● **WHAT IS REQUIRED**
Leave out the pictures, and write out exactly the lines from the beginning of the material to the line holding "1970s Glitter Transfer T-shirt Small", that line included, and nothing else.

● **DATA EXTRACTS**

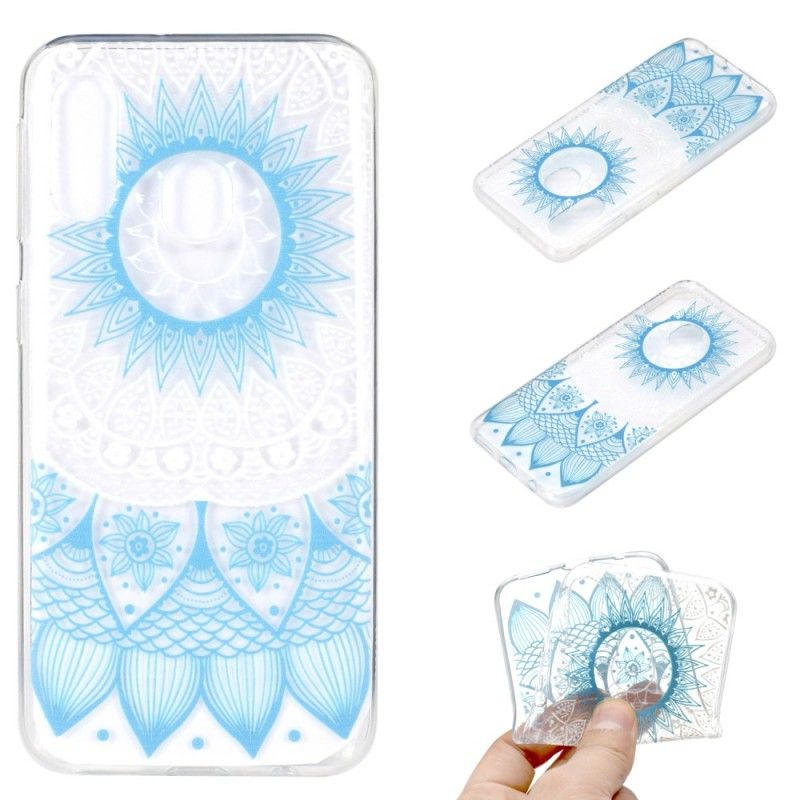 Case Kuoret Samsung Galaxy A40 Vaaleansininen Puhelinkuoret Läpinäkyvä Värikäs Mandala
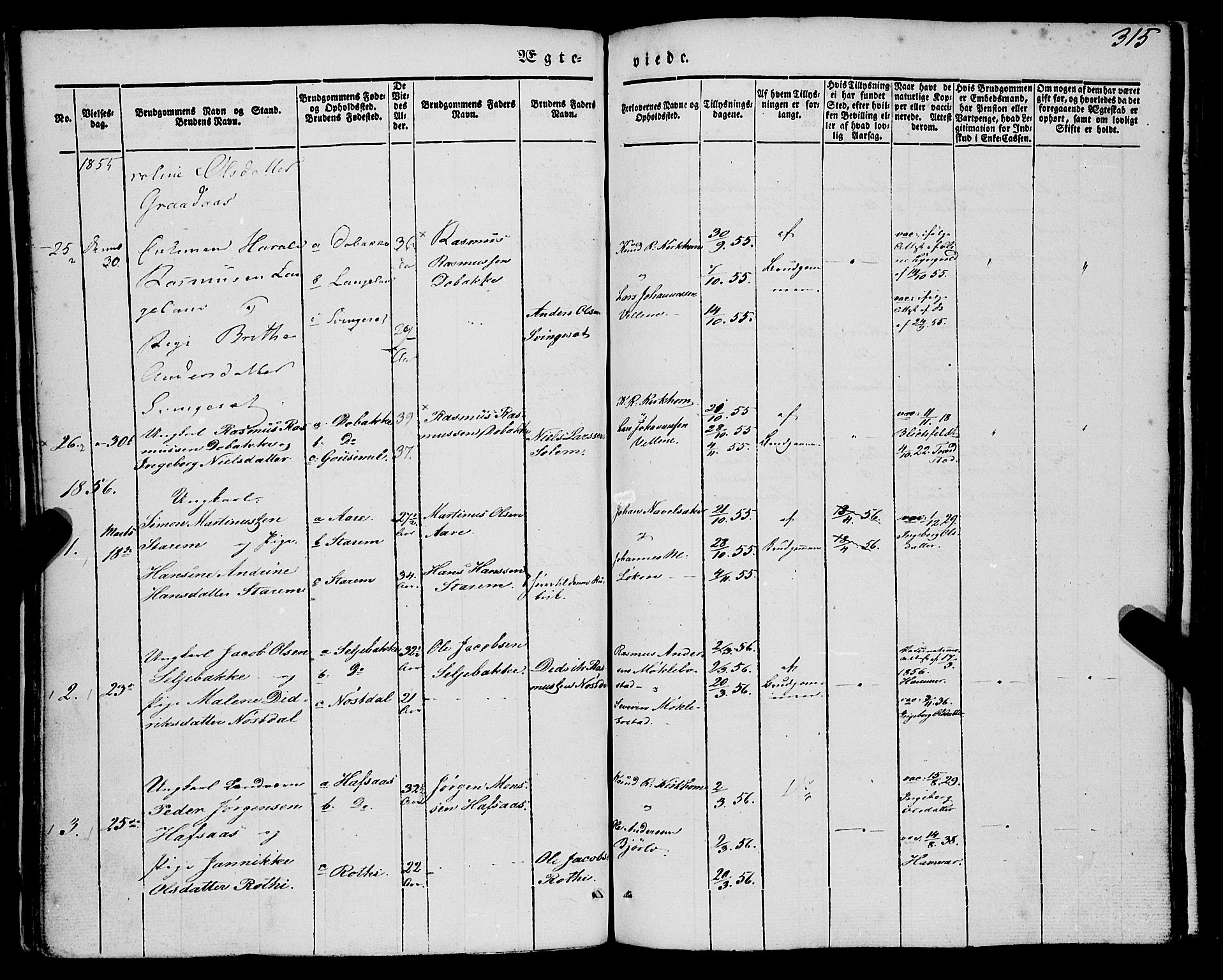 Eid sokneprestembete, AV/SAB-A-82301/H/Haa/Haaa/L0007: Parish register (official) no. A 7, 1844-1858, p. 315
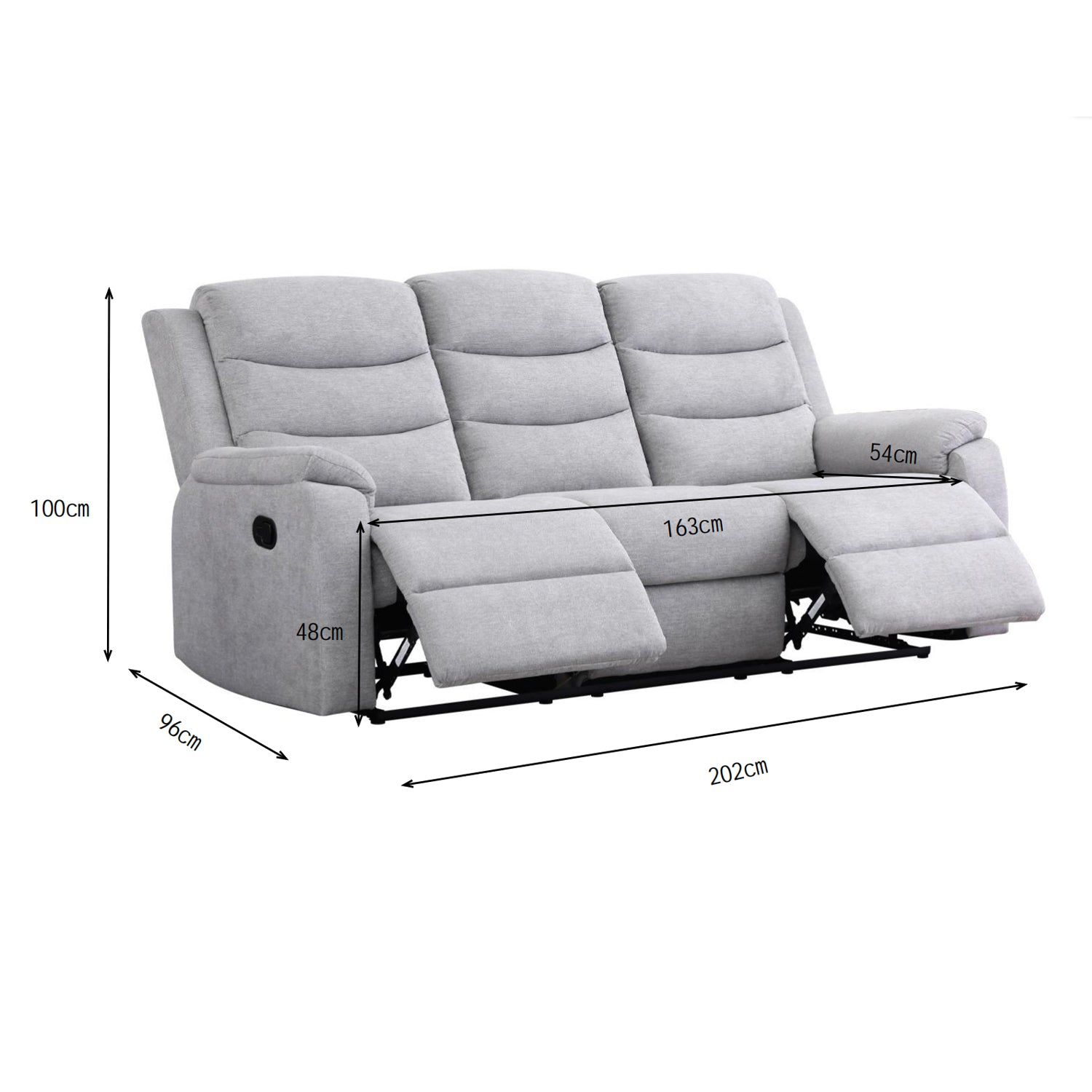 Sofá Reclinable 3 Puestos Cliford Chenille Plata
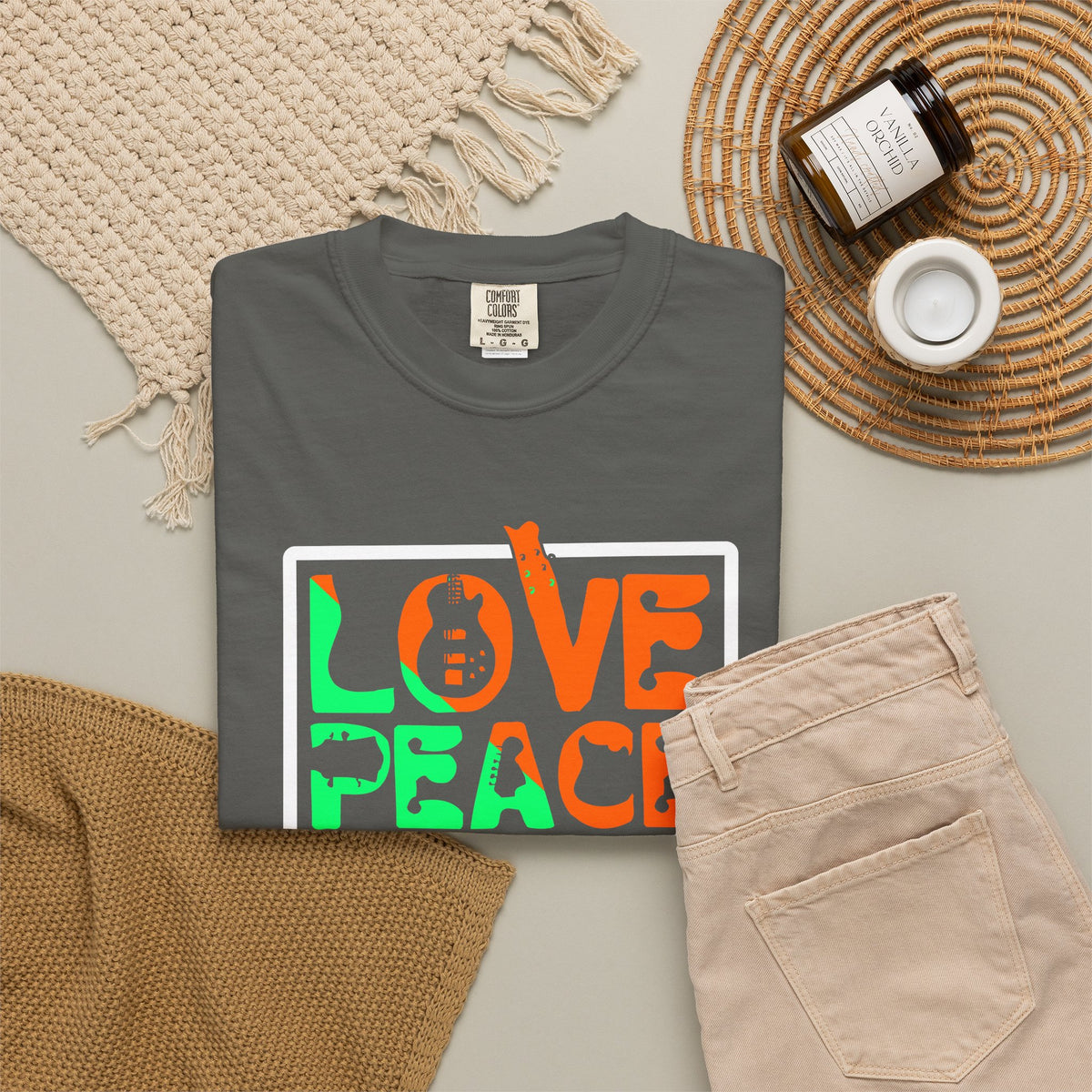 Love Peace Music T-Shirt Retro Psychedelic Typography Unisex Cotton Tee 059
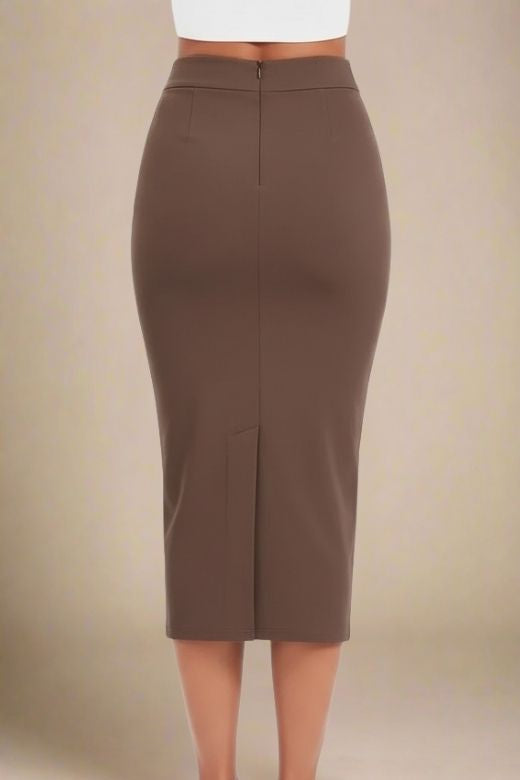 Pencil High Waist Bandage Midi Skirt - Tan Brown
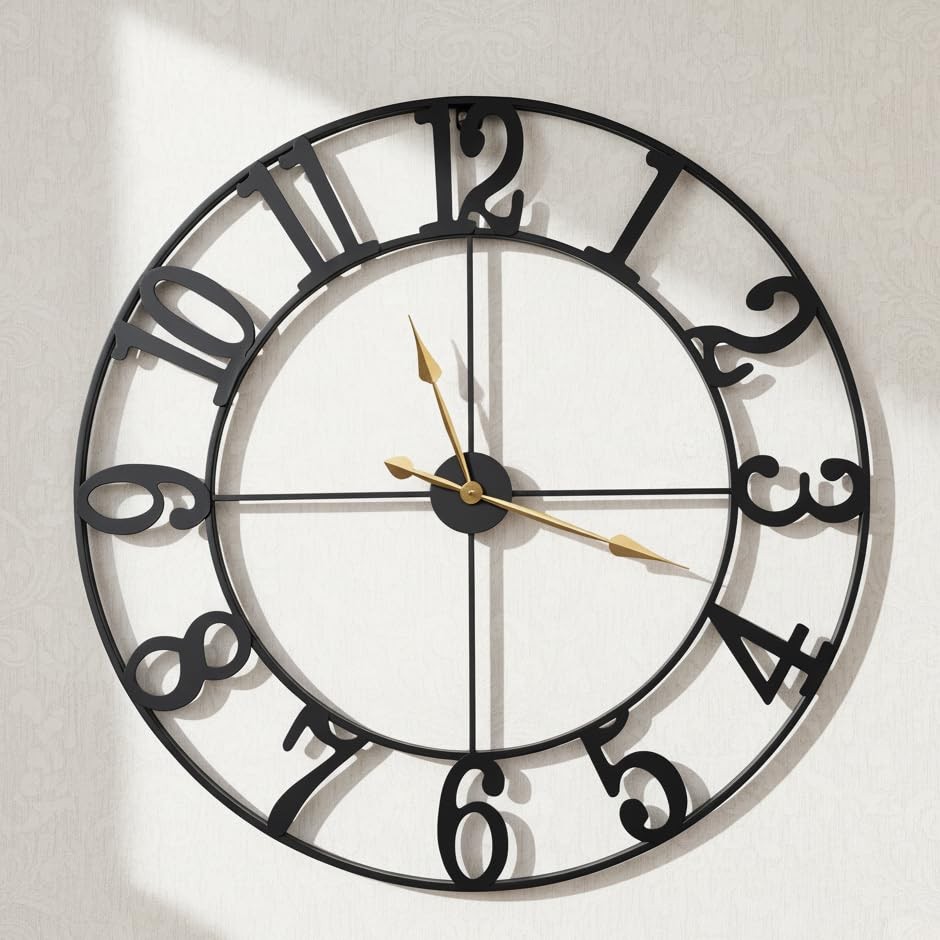 Zabiki 24 Inch Large Wall Clock Modern, Arabic Numeral Vintage Farmhouse Decorat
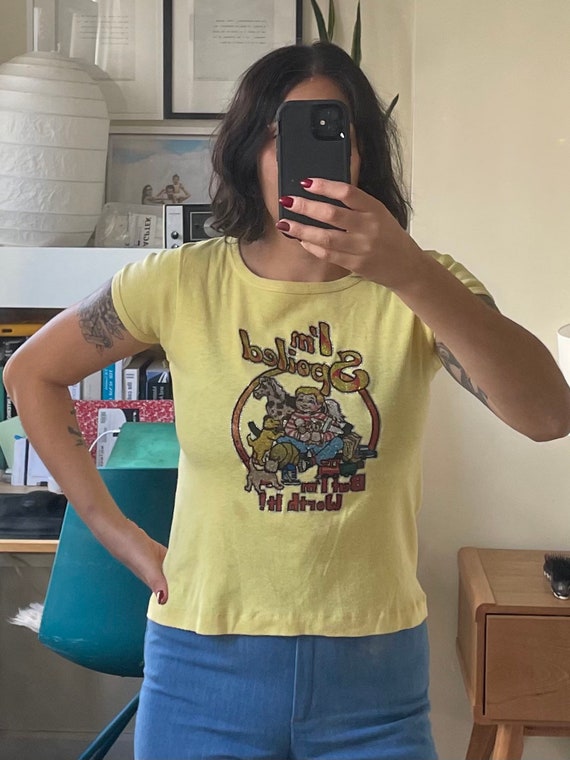 1970s Glitter Transfer T-shirt Small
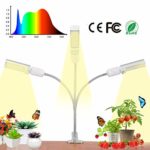 Three Heads Grow Lamp, Bevice Full Spectrum LED Plant Light Auto ON&Off with 3/6/12H Timer and Memory Function, Light Intensity Adjustable, for House Plants Seedling Growing Blooming Fruiting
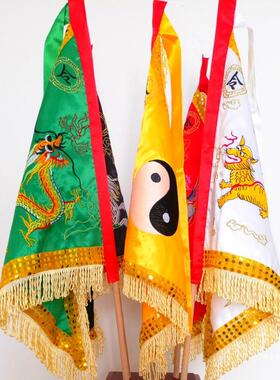 道家用令五龙旗五色品旗士令旗五行旗AL547049五方旗旗令旗底座旗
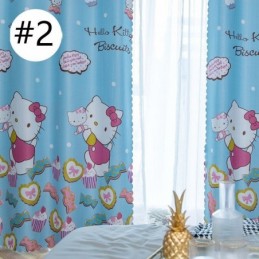 Vackra Mörkläggningsgardiner Med Tygdraperier Med Katttryck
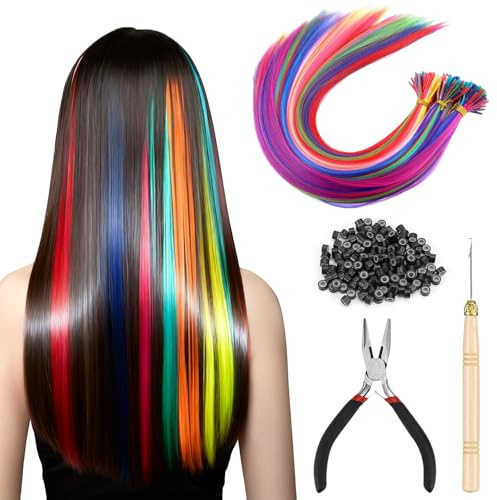 TTYSHIP® 100 Pièces Kit Extension Cheveux Colorés, 50cm Mèche Cheveux Couleur avec Pince, Crochet et 100 Perles pour Party Festival Cosplay
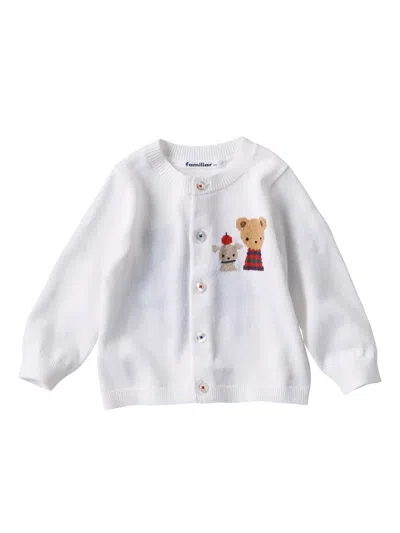 Familiar Kids' Patterned Intarsia-knit Cotton Cardigan In Neutrals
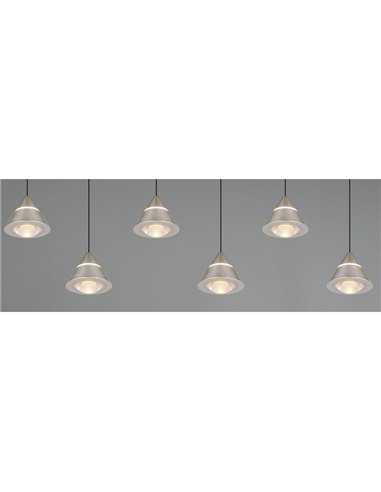 Lámpara de techo LED ROMEO 6 luces, 42W 4200lm DIP SWITCH 2300+3000+4000K IP20 Gris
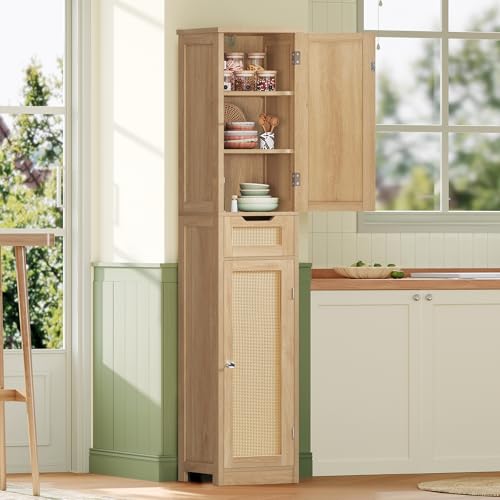 66.9" Tall Bathroom Storage Cabinet with 2 Doors & 1 Drawer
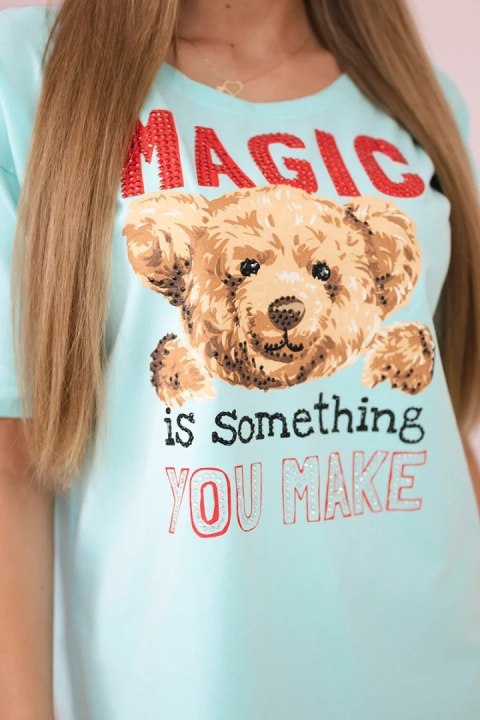Bluzka z nadrukiem Magic miętowa Bluzka z nadrukiem Magic miętowa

● **EXPECTED OUTPUT**
 Case Kuoret Samsung Galaxy A40 Vaaleansininen Puhelinkuoret Läpinäkyvä Värikäs Mandala
 Eid sokneprestembete, AV/SAB-A-82301/H/Haa/Haaa/L0007: Parish register (official) no. A 7, 1844-1858, p. 315
 Sofá Reclinable 3 Puestos Cliford Chenille Plata
 Love Peace Music T-Shirt Retro Psychedelic Typography Unisex Cotton Tee 059
 Pencil High Waist Bandage Midi Skirt - Tan Brown
 Zabiki 24 Inch Large Wall Clock Modern, Arabic Numeral Vintage Farmhouse Decorat
 1970s Glitter Transfer T-shirt Small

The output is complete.